The whole listing, pictures aside, should be reproduced exactly.

Dataset section: Begin

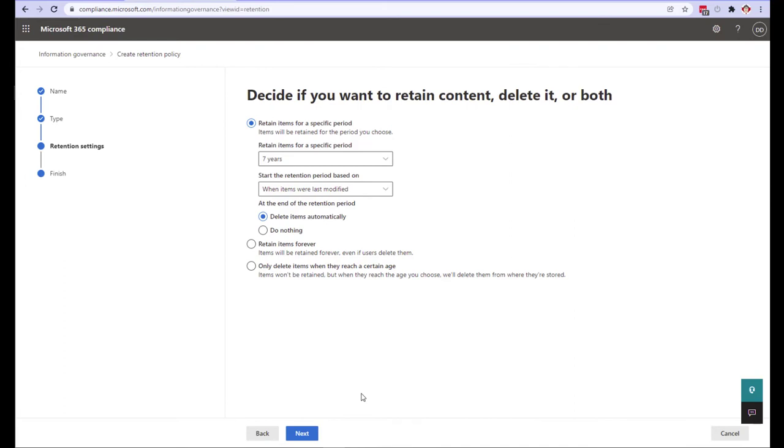We are now at the retention settings screen. You'll notice the options are very similar to the retention label screen but you don't have as many options. Some of the items you are going to be missing include declaring the item as a record and requiring a disposition review. However, you are still able to specify retention timelines, permanent retention and forced deletion.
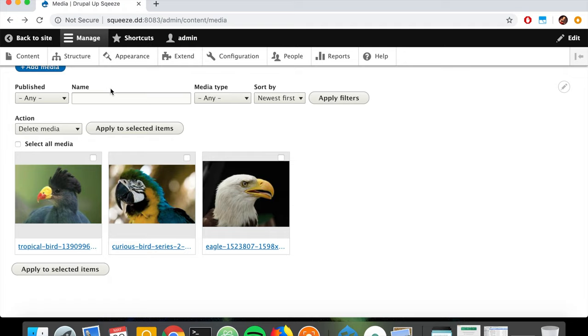That's pretty much it on how to use the media and media library modules that now exist in Drupal 8 core. If you like this video, please check the links in the description, like, subscribe, and ask if you have any questions regarding this topic. Thanks for watching.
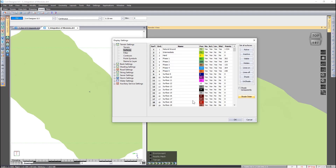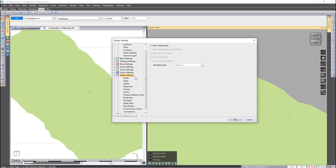I'm going to turn the Shading option on again in order to see the pipes that are beneath the ground. Let's take a look at the water network first. Switching the display on, this Show Water Entities as 3D Entities is applicable to the drawing window.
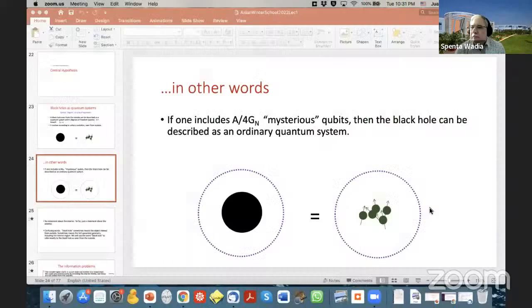Welcome back everybody. This is the second of these lectures. I'd like to start by answering a question that was asked in Slack, related to the central dogma we mentioned last time.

Dataset section: End

### Exercise answer
We are now at the retention settings screen. You'll notice the options are very similar to the retention label screen but you don't have as many options. Some of the items you are going to be missing include declaring the item as a record and requiring a disposition review. However, you are still able to specify retention timelines, permanent retention and forced deletion.
That's pretty much it on how to use the media and media library modules that now exist in Drupal 8 core. If you like this video, please check the links in the description, like, subscribe, and ask if you have any questions regarding this topic. Thanks for watching.
I'm going to turn the Shading option on again in order to see the pipes that are beneath the ground. Let's take a look at the water network first. Switching the display on, this Show Water Entities as 3D Entities is applicable to the drawing window.
Welcome back everybody. This is the second of these lectures. I'd like to start by answering a question that was asked in Slack, related to the central dogma we mentioned last time.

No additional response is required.